Almost every time I tell a stranger that I’m an English professor they get this look… A look I am fairly certain that preachers also get when they share their occupation. People feel judged about the way they communicate, and the English teacher epitomizes this experience.

However, I would argue that most people I know who study language are some of the least judgmental. Wait, wait, hear me out!

First, people who study language, especially those who study rhetoric, understand that context and audience matter. So, when I’m talking to someone at a party with a beer in my hand, I am not judging your grammar. When a friend texts me, “When U get here?” I don’t judge their grammar. However, when a student submits a formal research essay – grammar matters.
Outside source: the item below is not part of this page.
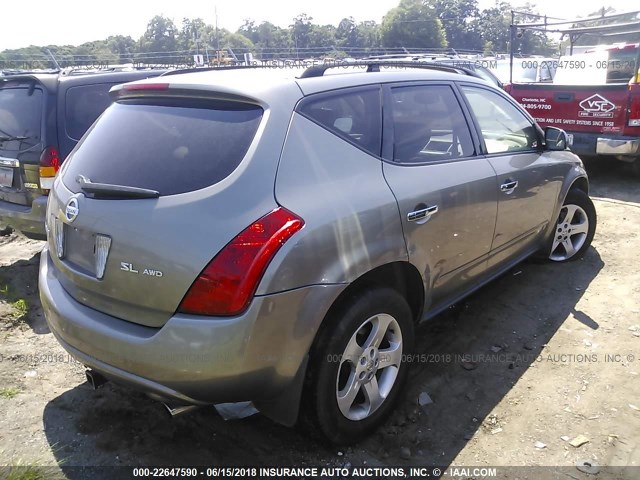 JN8AZ08WX4W315172 - 2004 NISSAN MURANO SL/SE SILVER photo 4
In that context, I’m not just a person out in the world.  When I receive an essay, I am teacher whose job is to help students become effective communicators.
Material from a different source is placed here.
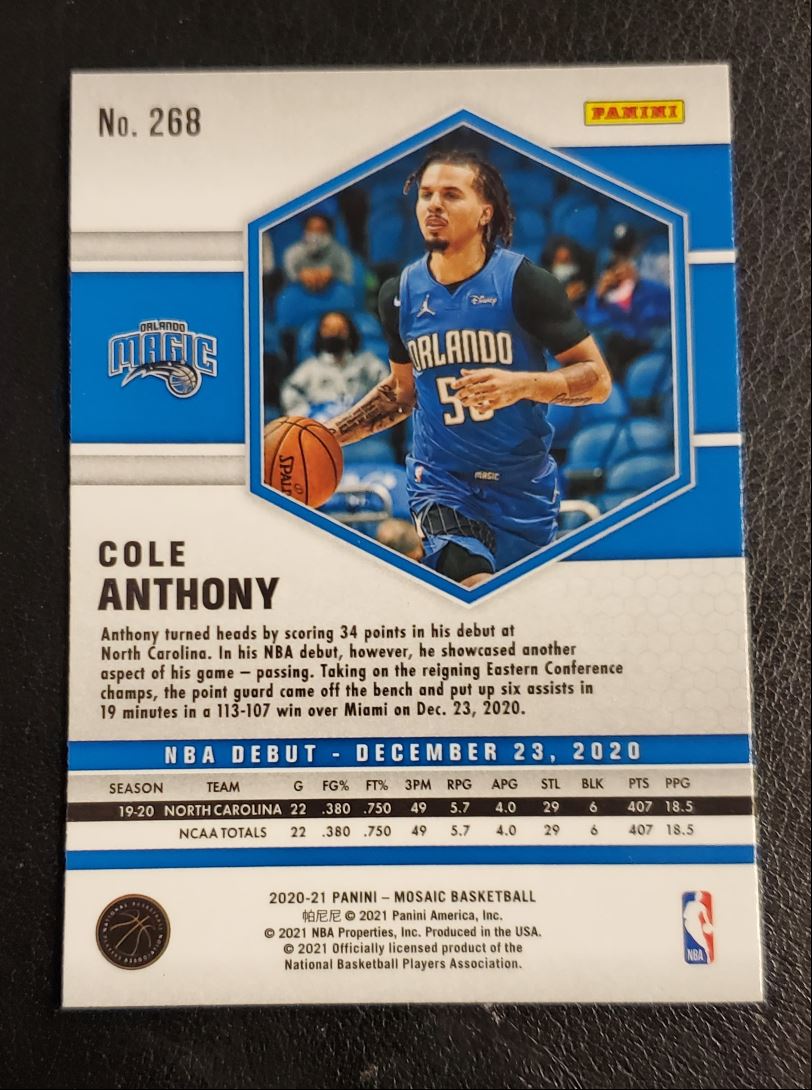 2020 Panini Mosaic NBA Debut Cole Anthony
Or, prepare them to combat all of the real grammar nazis out there. When I finally left the UP for college, I encountered people who felt the need to correct my grammar. My reading ability outpaced my speaking ability, and I often got things wrong. I felt a deep shame – for my grammar, for my accent, and for the importance we put on speaking well in public.

Like a priest or a minister, I sin too. I am not above making a mistake. So, the next time someone corrects your grammar just paraphrase the Good Book – “Let he who is without sin cast the first stone!”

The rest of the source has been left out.